Salah satu risiko paling serius adalah mesin overheat. Kalau kamu terus-menerus membiarkan air radiator kotor atau habis, mesin bisa panas berlebihan dan mati mendadak di tengah jalan.
Overheating juga bisa bikin komponen mesin lain ikut rusak, mulai dari piston, silinder, sampai gasket kepala silinder. Kalau sudah begini, kamu bisa mengeluarkan biaya perbaikan yang sangat mahal, bahkan bisa sampai turun mesin.
Risiko lainnya adalah terjadinya karat dan korosi pada bagian dalam sistem pendingin, termasuk radiator, selang, dan pompa air. Karat ini akan menyumbat jalur cairan dan bikin aliran pendingin tidak lancar. Akibatnya, suhu mesin gak bisa dijaga optimal dan kerusakan akan meluas. Bahkan dalam kasus ekstrem, radiator bisa jebol karena tekanan panas yang tidak terkendali.
Selain itu, penurunan performa motor juga jadi risiko nyata.
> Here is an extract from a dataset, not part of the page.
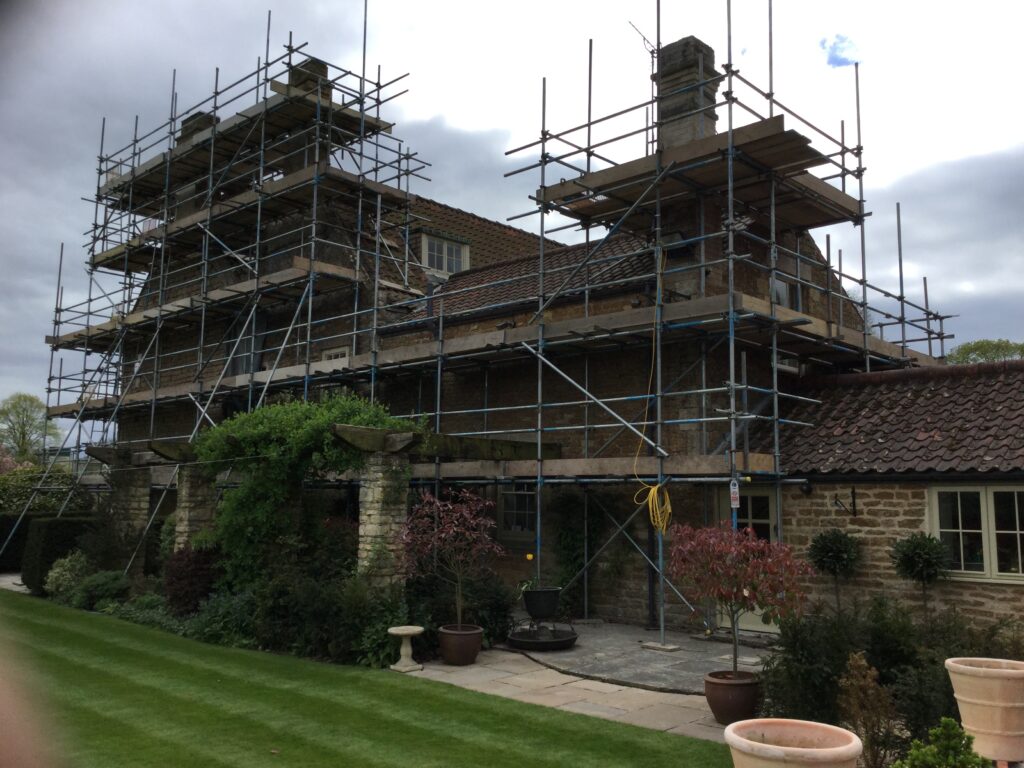 large amount of scaffolding on Cammeringham Manor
Mesin yang terlalu panas akan bekerja lebih keras dan tidak efisien sehingga kamu mungkin merasa motor jadi loyo dan akselerasinya berat. Dalam jangka panjang, hal ini juga bisa bikin konsumsi BBM makin boros. Nah, demi menjaga motor tetap awet dan nyaman dikendarai, jangan pernah sepelekan urusan ganti air radiator secara rutin.
Itulah jawaban ganti air radiator motor berapa bulan sekali. Hal ini memang sering diabaikan karena terlihat sepele, padahal dampaknya besar kalau kamu lalai.
Idealnya, penggantian dilakukan setiap 6—12 bulan atau mengikuti jarak tempuh sekitar 10.000—24.000 km. Terlepas dari itu, perhatikan juga tanda-tanda seperti warna coolant berubah, mesin cepat panas, atau performa motor menurun, ya. Dengan begitu, kamu bisa tahu motormu butuh perawatan.